Line 5 states how the dataset should be treated: whether it is a regression or binary_classification dataset. Since we offer the feature of running classification on datasets originally labelled as regression, we wanted to be able to use the same friendly_names, with the ProcessingPipeline distinguishing between task settings for us. This accomplishes that.

Lines 6-12 outline the type of values a row must have (based on the column values in ChEMBL datasets) to be retained and not excluded from training. That is, for a molecule (row) to remain in the training dataset, it must have nM in the Standard Units column, '=' in the Standard Relation column, and IC50 in the Standard Type column.

Lines 13-15 provide the label transformations to be used before training.

AChE/mouse/binary_classification/params.yaml:

 friendly_name: "AChE_mouse_IC50"
 raw_or_derived: "raw"
 category: "AChE_IC50"
 is_chembl: true
 task_setting: "binary_classification"
 filter_criteria:
     Standard Units:
       - "nM"
     Standard Type:
      - "IC50"
threshold: null
threshold_source: "AChE_human_IC50"

Lines 1-10 follow the same configuration as AChE/human/regression/params.yaml.

Lines 11 and 12 are slightly more complex:

This dataset has the same .csv as its regression counterpart, but the training data it produces (splits; derived data) will have binary classification labels. To convert to binary classification, we need a threshold for our regression values.

Line 12 specifies where to source our threshold. If we navigated to the dataset specified in threshold_source, its Line 11 would contain, for instance, "median". This means that to obtain our 0 vs. 1 label threshold, we take the median of regression values from threshold_source.

For this reason, Line 11 is null here, as we do not intend to use this dataset as the threshold source for any other dataset.
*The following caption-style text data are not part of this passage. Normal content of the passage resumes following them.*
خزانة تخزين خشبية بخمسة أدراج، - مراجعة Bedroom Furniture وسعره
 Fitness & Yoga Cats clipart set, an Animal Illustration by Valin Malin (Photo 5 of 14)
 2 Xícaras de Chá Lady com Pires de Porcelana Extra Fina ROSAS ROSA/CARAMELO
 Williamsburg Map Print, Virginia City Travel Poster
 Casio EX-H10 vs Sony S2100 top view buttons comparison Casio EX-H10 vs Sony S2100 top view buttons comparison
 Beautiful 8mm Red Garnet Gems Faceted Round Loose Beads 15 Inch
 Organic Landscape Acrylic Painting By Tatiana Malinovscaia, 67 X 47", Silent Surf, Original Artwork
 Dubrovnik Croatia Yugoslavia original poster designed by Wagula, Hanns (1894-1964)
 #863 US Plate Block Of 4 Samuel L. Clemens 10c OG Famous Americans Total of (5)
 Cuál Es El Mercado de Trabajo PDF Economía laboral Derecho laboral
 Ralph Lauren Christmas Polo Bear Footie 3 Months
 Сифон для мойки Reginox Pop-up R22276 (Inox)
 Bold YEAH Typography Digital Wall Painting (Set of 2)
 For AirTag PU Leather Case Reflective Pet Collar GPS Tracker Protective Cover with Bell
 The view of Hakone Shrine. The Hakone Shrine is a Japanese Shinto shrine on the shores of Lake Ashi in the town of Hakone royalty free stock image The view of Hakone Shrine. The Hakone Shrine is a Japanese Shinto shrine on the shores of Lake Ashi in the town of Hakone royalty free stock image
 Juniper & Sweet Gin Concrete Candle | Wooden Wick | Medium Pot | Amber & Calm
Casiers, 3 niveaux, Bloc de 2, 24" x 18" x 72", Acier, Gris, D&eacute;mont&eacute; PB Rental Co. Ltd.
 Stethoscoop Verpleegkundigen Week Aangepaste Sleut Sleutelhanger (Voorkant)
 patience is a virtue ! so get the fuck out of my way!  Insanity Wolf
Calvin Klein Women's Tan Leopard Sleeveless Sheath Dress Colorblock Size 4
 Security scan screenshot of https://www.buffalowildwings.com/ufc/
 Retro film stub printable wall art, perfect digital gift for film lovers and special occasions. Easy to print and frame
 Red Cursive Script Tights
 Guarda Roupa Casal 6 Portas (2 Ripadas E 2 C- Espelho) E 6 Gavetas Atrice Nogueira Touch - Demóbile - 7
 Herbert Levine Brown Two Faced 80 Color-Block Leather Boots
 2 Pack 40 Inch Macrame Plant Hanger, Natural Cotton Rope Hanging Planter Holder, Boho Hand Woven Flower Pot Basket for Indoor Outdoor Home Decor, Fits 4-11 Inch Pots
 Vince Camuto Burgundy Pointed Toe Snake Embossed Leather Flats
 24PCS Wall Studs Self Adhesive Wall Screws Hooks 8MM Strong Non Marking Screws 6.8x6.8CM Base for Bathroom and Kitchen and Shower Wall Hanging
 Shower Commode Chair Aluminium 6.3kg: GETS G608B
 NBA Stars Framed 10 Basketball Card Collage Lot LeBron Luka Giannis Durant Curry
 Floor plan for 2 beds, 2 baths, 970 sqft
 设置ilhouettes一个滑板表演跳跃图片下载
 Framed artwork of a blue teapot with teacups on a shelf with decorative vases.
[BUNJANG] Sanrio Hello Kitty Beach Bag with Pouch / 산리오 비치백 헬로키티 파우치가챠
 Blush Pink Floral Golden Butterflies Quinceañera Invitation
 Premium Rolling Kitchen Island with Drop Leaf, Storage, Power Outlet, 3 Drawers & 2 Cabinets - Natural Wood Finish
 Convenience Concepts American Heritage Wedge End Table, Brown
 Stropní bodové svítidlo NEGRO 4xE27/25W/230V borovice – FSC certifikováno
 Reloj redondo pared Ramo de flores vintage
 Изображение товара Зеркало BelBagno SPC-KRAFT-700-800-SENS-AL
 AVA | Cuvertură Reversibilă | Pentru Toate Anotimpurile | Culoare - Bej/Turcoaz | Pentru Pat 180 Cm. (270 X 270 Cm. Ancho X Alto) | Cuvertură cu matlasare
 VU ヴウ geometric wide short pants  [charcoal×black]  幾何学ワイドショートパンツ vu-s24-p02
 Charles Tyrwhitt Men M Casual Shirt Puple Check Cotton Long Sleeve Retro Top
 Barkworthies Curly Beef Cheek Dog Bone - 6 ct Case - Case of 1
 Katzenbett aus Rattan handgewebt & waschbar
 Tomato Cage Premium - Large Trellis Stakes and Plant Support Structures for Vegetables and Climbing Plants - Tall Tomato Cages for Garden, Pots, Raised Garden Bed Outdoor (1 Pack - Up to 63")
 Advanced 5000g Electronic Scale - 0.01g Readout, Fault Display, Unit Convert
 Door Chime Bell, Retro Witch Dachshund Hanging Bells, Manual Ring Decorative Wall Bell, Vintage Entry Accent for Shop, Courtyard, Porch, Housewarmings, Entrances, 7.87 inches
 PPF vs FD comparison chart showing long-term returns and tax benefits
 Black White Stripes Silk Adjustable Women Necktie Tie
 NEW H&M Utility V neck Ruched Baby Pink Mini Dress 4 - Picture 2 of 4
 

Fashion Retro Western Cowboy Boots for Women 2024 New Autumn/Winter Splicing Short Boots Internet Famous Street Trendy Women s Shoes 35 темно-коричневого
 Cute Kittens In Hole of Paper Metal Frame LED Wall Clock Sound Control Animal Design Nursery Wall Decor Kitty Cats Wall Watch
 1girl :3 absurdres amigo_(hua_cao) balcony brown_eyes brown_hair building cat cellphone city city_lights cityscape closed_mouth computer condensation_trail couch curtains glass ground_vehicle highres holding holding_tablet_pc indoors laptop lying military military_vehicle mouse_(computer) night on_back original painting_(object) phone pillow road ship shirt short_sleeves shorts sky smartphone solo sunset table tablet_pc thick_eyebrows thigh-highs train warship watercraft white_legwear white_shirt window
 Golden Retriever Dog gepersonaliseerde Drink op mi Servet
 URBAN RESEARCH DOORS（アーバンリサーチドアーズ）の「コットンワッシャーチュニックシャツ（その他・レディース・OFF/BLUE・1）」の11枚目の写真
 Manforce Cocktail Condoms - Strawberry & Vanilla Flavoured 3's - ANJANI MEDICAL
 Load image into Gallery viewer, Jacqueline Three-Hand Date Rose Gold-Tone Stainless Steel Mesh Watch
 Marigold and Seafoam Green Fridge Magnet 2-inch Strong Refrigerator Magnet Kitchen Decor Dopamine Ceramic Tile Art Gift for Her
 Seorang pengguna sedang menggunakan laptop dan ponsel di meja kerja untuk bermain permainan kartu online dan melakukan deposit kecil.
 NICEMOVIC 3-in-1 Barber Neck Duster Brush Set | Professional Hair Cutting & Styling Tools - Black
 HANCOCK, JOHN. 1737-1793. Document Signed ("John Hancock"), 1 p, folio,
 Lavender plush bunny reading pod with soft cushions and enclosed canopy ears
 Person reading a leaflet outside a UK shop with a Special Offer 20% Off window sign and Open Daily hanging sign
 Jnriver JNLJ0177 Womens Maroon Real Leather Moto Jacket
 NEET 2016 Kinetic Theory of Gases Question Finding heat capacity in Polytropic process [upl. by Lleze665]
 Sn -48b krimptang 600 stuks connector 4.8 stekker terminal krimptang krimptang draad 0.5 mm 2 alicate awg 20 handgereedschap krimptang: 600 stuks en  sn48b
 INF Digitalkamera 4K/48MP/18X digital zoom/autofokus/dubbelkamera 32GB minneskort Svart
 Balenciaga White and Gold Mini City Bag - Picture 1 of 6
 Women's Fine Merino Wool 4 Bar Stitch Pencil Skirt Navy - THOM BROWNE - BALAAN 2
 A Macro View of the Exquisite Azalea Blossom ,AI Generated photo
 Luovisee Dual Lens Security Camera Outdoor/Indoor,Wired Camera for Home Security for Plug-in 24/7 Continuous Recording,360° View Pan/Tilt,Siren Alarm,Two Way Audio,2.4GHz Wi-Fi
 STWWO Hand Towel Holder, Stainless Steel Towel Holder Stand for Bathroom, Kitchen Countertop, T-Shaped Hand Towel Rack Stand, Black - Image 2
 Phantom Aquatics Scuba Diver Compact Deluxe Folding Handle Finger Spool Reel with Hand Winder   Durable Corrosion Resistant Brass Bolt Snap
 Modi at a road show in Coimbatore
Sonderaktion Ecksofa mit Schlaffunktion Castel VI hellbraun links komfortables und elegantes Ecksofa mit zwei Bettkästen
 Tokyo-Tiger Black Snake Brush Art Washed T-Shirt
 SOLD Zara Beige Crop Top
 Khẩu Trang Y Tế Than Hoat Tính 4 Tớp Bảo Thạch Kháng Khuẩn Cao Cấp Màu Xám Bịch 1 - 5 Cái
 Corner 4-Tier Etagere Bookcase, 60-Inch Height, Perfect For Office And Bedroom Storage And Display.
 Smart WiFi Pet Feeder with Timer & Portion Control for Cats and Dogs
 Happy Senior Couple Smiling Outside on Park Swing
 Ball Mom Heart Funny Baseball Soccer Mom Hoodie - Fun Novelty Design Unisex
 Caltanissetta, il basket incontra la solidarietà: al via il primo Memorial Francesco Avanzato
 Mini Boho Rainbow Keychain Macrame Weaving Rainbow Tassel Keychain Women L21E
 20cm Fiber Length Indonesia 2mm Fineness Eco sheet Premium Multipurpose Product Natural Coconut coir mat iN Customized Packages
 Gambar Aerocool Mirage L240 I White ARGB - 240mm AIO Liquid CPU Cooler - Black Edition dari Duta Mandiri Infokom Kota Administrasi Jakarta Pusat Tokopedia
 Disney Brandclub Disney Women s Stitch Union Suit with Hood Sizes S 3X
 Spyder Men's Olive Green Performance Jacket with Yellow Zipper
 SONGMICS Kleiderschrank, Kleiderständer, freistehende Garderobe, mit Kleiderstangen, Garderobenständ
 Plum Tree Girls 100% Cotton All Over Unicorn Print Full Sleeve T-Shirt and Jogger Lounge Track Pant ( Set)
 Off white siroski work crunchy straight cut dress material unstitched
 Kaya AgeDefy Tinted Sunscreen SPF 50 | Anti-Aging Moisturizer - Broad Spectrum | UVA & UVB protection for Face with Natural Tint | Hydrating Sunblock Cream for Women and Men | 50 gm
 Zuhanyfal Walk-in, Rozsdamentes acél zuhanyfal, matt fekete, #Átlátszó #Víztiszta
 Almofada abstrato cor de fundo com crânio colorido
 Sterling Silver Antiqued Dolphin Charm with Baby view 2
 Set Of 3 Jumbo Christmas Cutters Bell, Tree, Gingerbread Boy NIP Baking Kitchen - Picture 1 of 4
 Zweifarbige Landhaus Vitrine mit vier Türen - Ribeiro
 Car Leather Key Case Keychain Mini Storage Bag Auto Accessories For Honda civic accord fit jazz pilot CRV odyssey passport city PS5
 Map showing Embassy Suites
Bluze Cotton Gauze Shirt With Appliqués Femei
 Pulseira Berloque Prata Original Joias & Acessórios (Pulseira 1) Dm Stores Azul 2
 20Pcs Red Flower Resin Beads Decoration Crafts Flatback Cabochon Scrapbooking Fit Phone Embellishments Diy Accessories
AChE/human/binary_classification/params.yaml:

 friendly_name: "AChE_human_IC50"
 raw_or_derived: "raw"
 category: "AChE_IC50"
 is_chembl: true
 task_setting: "binary_classification"
 filter_criteria:
     Standard Units:
       - "nM"
     Standard Type:
      - "IC50"
threshold: "median"

Line 11 here clarifies and completes the relation to Lines 11-12 in mouse/binary_classification.